The jury found there were a number of contributory factors to their deaths including a serious lack of communication between the North Wales Police, Conwy Borough Council and Denbighshire Council. The Coroner strongly criticised the decision of the Chief Crown Prosecutor not to prosecute the driver whose car collided with the cyclists.
After the hearing, the families' lawyer, William Hoskins, read out a statement on their behalf. "Following 18 months of unanswered questions and delays, which have added to the immense grief, and suffering caused by the tragic deaths of Dave, Maurice, Thomas and Wayne, the families are relieved that the Coroner and jury have conducted a thorough investigation into this tragic event. Our lawyers, on our behalf, made clear to the Chief Crown Prosecutor, our disbelief at the decision not to prosecute Mr Harris for driving offences.

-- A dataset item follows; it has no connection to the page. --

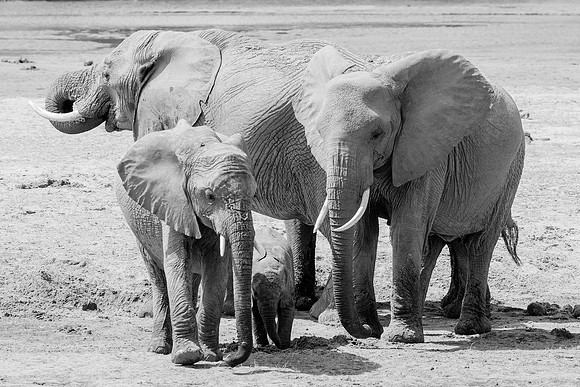 Samburu Elephant 16 - Image by Wendy Podmenik Woodell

"We remain unhappy with that decision in the light of the evidence heard by the Coroner. In fact, we feel badly let down by this decision and that Justice has not been served. We feel that in the light of the evidence that was available in the early hours of Sunday morning, the A547 should have been gritted before the fatal accident. However, we hope that this tragedy will cause lessons to be learned and that both the highway authorities involved and the Police will now take steps to ensure that protocols and procedures are revised to better protect the safety of all road users in the future."
British Cycling's President Brian Cookson and Chief Executive Peter King have both responded to the results of the inquest.
Brian Cookson described that "the whole of British Cycling was shocked by this terrible tragedy, and we were determined to do all we could as an organisation, to support the families. I'd like to offer our condolences and ongoing support to the families of Maurice, Dave, Thomas and Wayne."
Peter King mentioned that he is glad there was further investigation and that everybody involved had "a right to be concerned [with the initial finding]."